Furthermore, electrochemical transducers allow their versatile tuning by modification with nanomaterials. Nanomaterials like nanofibers can easily be modified to bear different functionalities not only as part of the transducer but also for sample preparation, such as trapping interfering molecules prior to reaching the transducers.

Considering that strategies for sensitive and fast detection are available, have been well-studied. and rather well-understood as described in this article, efforts should now be oriented towards innovation needed for their commercialization as POC devices. The simplicity of the assay itself will need much attention as successful EC-LFAs must avoid additional steps. Inherently, electrochemical transducers benefit from inexpensive fabrication techniques, important for single-use devices. Sustainable production and disposal must be studied and may be not too challenging for carbon-based transducer materials.

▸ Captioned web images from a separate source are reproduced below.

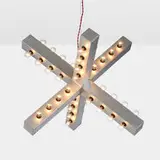 Downtown, Intersection lamp, c. 2000, aluminum, plastic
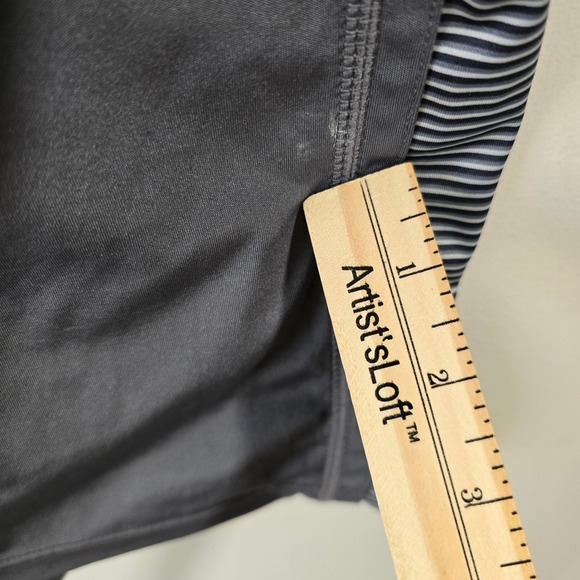 Nike Dri-FIT Athletic T-Shirt Striped Training Gym Activewear - Picture 4 of 8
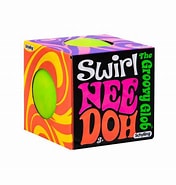Mini Nee-Doh Schylling Swirl Groovy Glob!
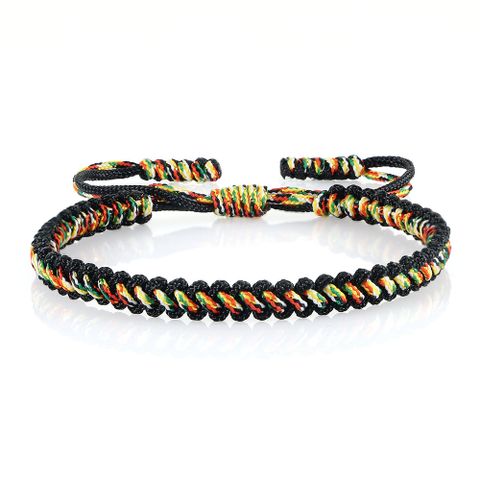 Retro Geometric Rope Knitting Unisex Bracelets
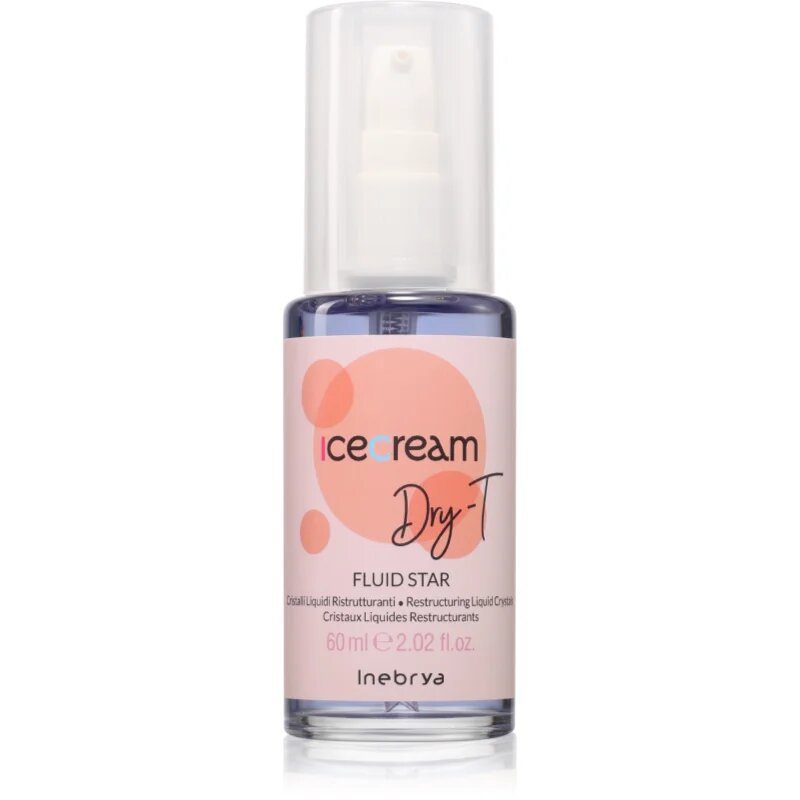 Inebrya Ice Cream Dry-T Fluid Star tekoči kristali za suhe in barvane lase 60 ml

Nowadays, it is obvious how bulky, expensive lab equipment can be replaced by small, handheld, and useful gadgets. An important example is the potentiostat, which was miniaturized and can now easily be plugged into a smartphone and used for measurement. Unique features make the implementation of high-performance sensors and thus adaptable to everyday life. With a simple Bluetooth connection, the potentiostat can be connected to the smartphone, which already accounts for high computing power similar with bench computers. This enables not only the possibility of home testing but also an easy display of the results, which can be automatically saved into a shared cloud or transferred immediately to doctors or data scientists. Additionally, in a suited application software machine learning can be encoded, which can make data analysis more accurate and can easily identify possible problems. Considering the great impact electrochemical transducers had on the point-of-care market such as in the glucose sensors, EC-LFAs will be able to harness all of the associated advancements and thus significantly improve the traditional lateral flow assay and hence further their success in point-of-care applications.